Perl Weekly Challenge # 5: Anagrams

These are some answers to the Week 5 of the Perl Weekly Challenge organized by Mohammad S. Anwar.

Challenge #1: Anagrams of a Word

Write a program which prints out all anagrams for a given word. For more information about Anagram, please check this Wikipedia page.

I'm not sure I fully understand the question, but my understanding is that we are looking for existing words which are anagrams of each other. For example, "pots", "spot", "tops", and "post" are anagrams of each other because they have exactly the same letters rearranged in a different order.

Just as for last week second challenge, I will use a words.txt file containing 113,809 lower-case English words usually accepted for crossword puzzles and other word games. The words.txt file can be found on my Github repository. The original list was contributed to the public domain by Internet activist Grady Ward in the context of the Moby Project.
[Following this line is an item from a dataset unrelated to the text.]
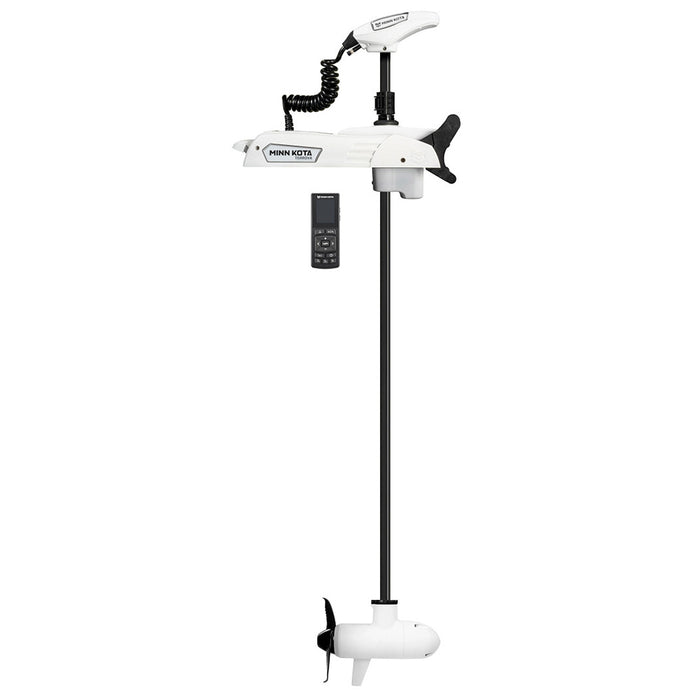 Minn Kota Riptide Terrova QUEST 90115 Trolling Motor wWireless Remote 2436V 90115LBS 72 1363901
This word list is also mirrored at Project Gutenberg.

For the purpose of testing the programs below, the words.txt file is located in my current directory.
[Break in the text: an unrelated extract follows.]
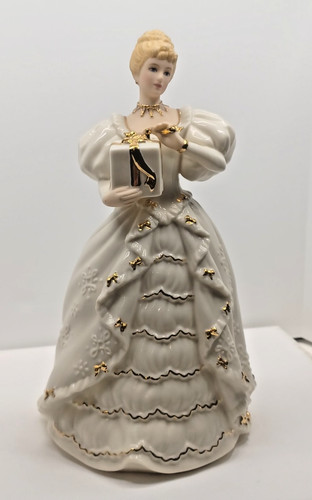 1997 lenox ivory christmas - 1997,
Perl 5 Solution: the is_anagram Subroutine

We first create an is_anagram subroutine that takes two words as parameters and return a true value if the words are anagrams of each other and false otherwise.

use strict;
use warnings;
use feature 'say';
sub is_anagram {
    my ($word1, $word2) = @_;
    return 0 if length $word1 != length $word2;
    my $letters1 = join "", sort split "", $word1;
    my $letters2 = join "", sort split "", $word2;
    return $letters1 eq $letters2
}
for ( [qw / ban bane/], [qw /post post/], [qw / post spot /], [qw /post spot/], [qw / pots spot/], [qw /pots taps/] ) {
    say "$$_[0] $$_[1]:\t", is_anagram($$_[0], $$_[1]) ? "True" : "False";
}

The is-anagram subroutine first returns a false value if the input words don't have the same length. Words of different lengths cannot be anagrams and it is believed that checking the length of the input words is significantly faster than the subsequent processing of their individual letters. Therefore, it should speed up processing when we will use this subroutine repeatedly for a large number of word combinations. When words have the same length, then we just split the words into individual letters, sort the letters, and produce new "normalized" or "canonical form" strings with the input letters; if the new normalized strings are equal, then the words were anagrams of each other.
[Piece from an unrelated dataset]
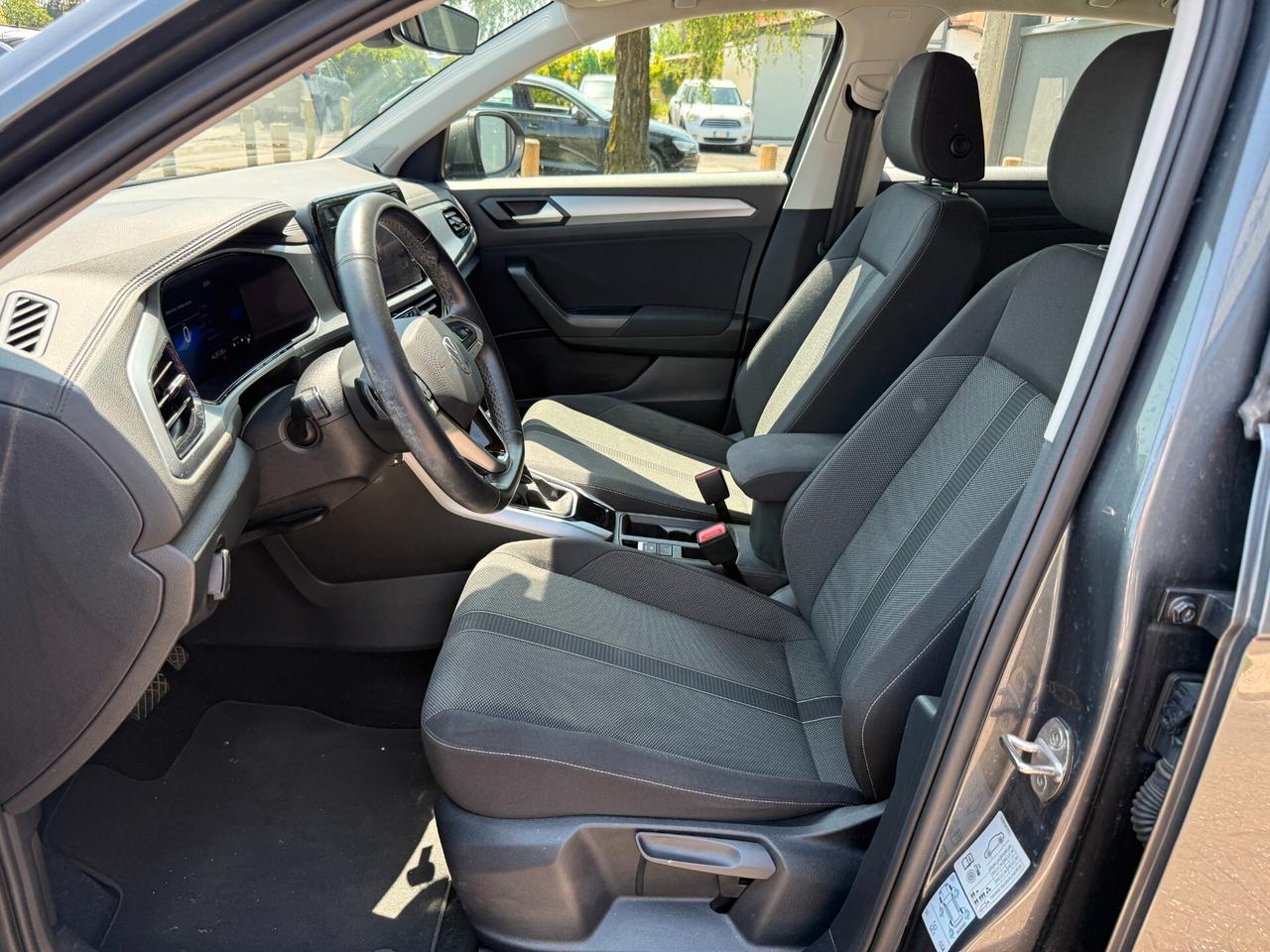Volkswagen T-Roc 1.5 TSI ACT DSG Style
This will display the following output:

ban bane:       False
post post:      True
post spot:      True
post spot:      True
pots spot:      True
pots taps:      False

Of course, we consider here "post" to be an anagram of itself. We could make a different special rule when the words are the same, if needed.

Finding All Anagrams of a Word From a Word List

Another possible interpretation of the challenge is that we are given a word and a word list, and should output the words that are anagrams of the input word. We can use the same is_anagram subroutine as follows:

sub is_anagram { ... }
my $word = "post";
for (qw /past post spot tops taps pots top/) {
    say "$word $_\t", is_anagram($word, $_) ? "True" : "False";
}

We're now getting the following output:

post past       False
post post       True
post spot       True
post tops       True
post taps       False
post pots       True
post top        False

Let's see now whether we can find more anagrams in our word list (still using the same is_anagram subroutine as before):

sub is_anagram { ... }
my $word = "post";
while (<>) {
    chomp;
    say if is_anagram $word, $_;
}

Here, the words.txt file is passed as a parameter to the script.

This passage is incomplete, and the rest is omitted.